36x-15y+50z=-10
2x+25y=40
54x-5y+30z=-160
are you solving for x, y, and z ?
what method have you learned ?
I would change the second equation to
2x = 40 - 25y
now think of the first equation,
36x-15y+50z=-10 as
18(2x) - 15y + 50z = -10
18(40 - 25y) - 15y + 50z = -10
simplify and do the same thing to the third equation.
Now you have 2 equations in y and z, which can be readily solved.
Let me know what you got.
The method we learned is like multiplying an equation and then add it to another equation to cancel a variable. I did:
36x-15y+50z=-10
-162x+15y-90z=480 (3rd eq. multiplied by 3)
which gave me -126x-40z=470
then I did:
2x+25y=40
270x-25y+150z=-800 (3rd eq. multiplied by 5)
which gave me 272x+150z=-760
This is the part where I'm stuck on because I usually would combine the 2 new equations (after multiplying one of them to cancel out a variable) to cancel out a variable. But in this case I can't find a number that helps?
ok, I would now work on the z's
you have -40z and +150z
the LCM of 40 and 150 is 600, so multiply your -126x-40z=470 by 15 and
272x+150z=-760 by 4
You would then add to eliminate the z's
I did not check your arithmetic, so good luck
Oh okay I forgot to use the LCM. Thanks :]
To solve this system of equations, we can use the method of elimination or substitution. Let's use the method of elimination.
1. Write down the three equations:
36x - 15y + 50z = -10 (Equation 1)
2x + 25y = 40 (Equation 2)
54x - 5y + 30z = -160 (Equation 3)
2. Choose two equations to begin eliminating a variable. In this case, let's eliminate the y-variable.
Multiply Equation 2 by 15 to make the coefficients of y in both equations equal:
30x + 375y = 600 (Equation 4)
3. Multiply Equation 1 by 25 to make the coefficients of y in both equations equal:
900x - 375y + 1250z = -250 (Equation 5)
4. Subtract Equation 4 from Equation 5 to eliminate the y-variable:
(900x - 375y + 1250z) - (30x + 375y) = -250 - 600
870x + 1250z = -850 (Equation 6)
5. Now, let's eliminate another variable. In this case, let's eliminate the z-variable.
Multiply Equation 2 by -15 to make the coefficients of z in both equations equal:
-30x - 375y = -600 (Equation 7)
6. Multiply Equation 3 by 10 to make the coefficients of z in both equations equal:
540x - 50y + 300z = -1600 (Equation 8)
7. Add Equation 7 to Equation 8 to eliminate the z-variable:
(540x - 50y + 300z) + (-30x - 375y) = -1600 - 600
510x - 425y = -2200 (Equation 9)
8. Now we have two equations with two variables:
870x + 1250z = -850 (Equation 6)
510x - 425y = -2200 (Equation 9)
9. We can solve this system of equations by either substitution or elimination.
Option 1: Elimination
Multiply Equation 6 by 425 and Equation 9 by 250 to cancel out the coefficients of x:
369750x + 531250z = -361250 (Equation 10)
127500x - 106250y = -550000 (Equation 11)
Multiply Equation 10 by 2 and Equation 11 by 3 to make the coefficients of z in both equations equal:
739500x + 1062500z = -722500 (Equation 12)
382500x - 318750y = -1650000 (Equation 13)
Subtract Equation 12 from Equation 13 to eliminate the z-variable:
(382500x - 318750y) - (739500x + 1062500z) = (-1650000) - (-722500)
-357000x - 1593750z = -927500
Now we have two new equations:
-357000x - 1593750z = -927500 (Equation 14)
413750x - 106250y = -927500 (Equation 15)
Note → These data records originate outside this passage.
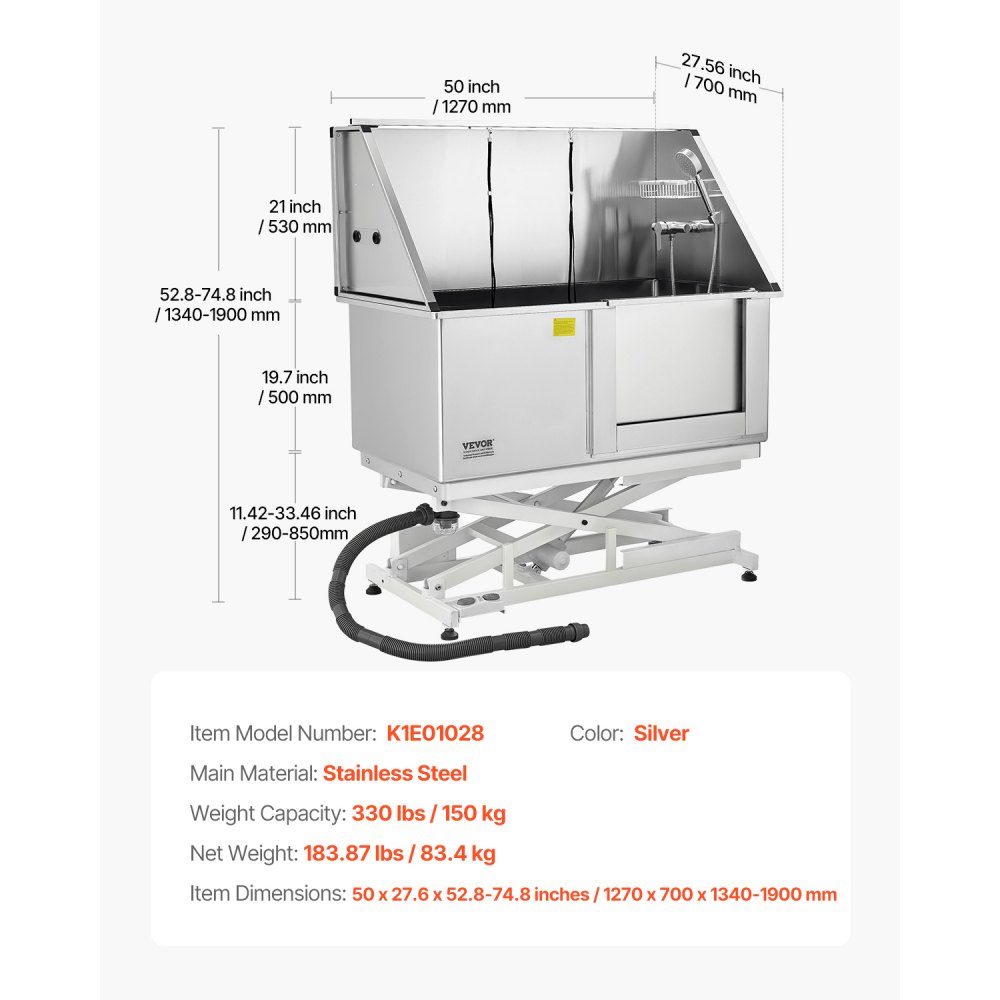 Electric Dog Washing Station with Lift Function, 50 Inch Stainless Steel Pet Grooming Tub with PE Water Filter Plate, Faucet and Shower Head, Dog Bathtub, Pet Wash Basin (Right Door)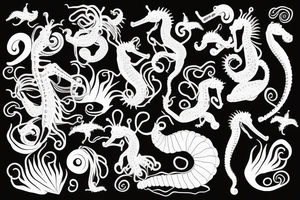scientific illustration of a seahorse tattoo idea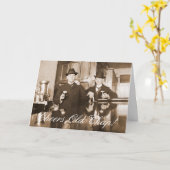 1890サロンバーメンズ応援オールドChapハッピーバースデー カード (黄色い花)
Multiply Equation 14 by -413750 and Equation 15 by 357000 to cancel out the coefficients of x:
147752500000x + 659421875000z = 382418750000 (Equation 16)
147757500000x - 56427500000y = -330322500000 (Equation 17)
Subtract Equation 16 from Equation 17 to eliminate the x-variable:
(147757500000x - 56427500000y) - (147752500000x + 659421875000z) = (-330322500000) - 382418750000
499500000z = -712741250000
Solve for z:
z = -712741250000 / 499500000 = -1425
Substitute z = -1425 back into Equation 6 or 9 to find x or y.
Option 2: Substitution
Solve Equation 6 or 9 for x or y and substitute it into the other equation to find the remaining variable.
Once you have determined values for x, y, and z, you can substitute them back into any of the original equations to check if they satisfy the system.
Please note that this solution process involves a lot of steps, so it may be easier to use matrix methods or software to solve such systems of equations.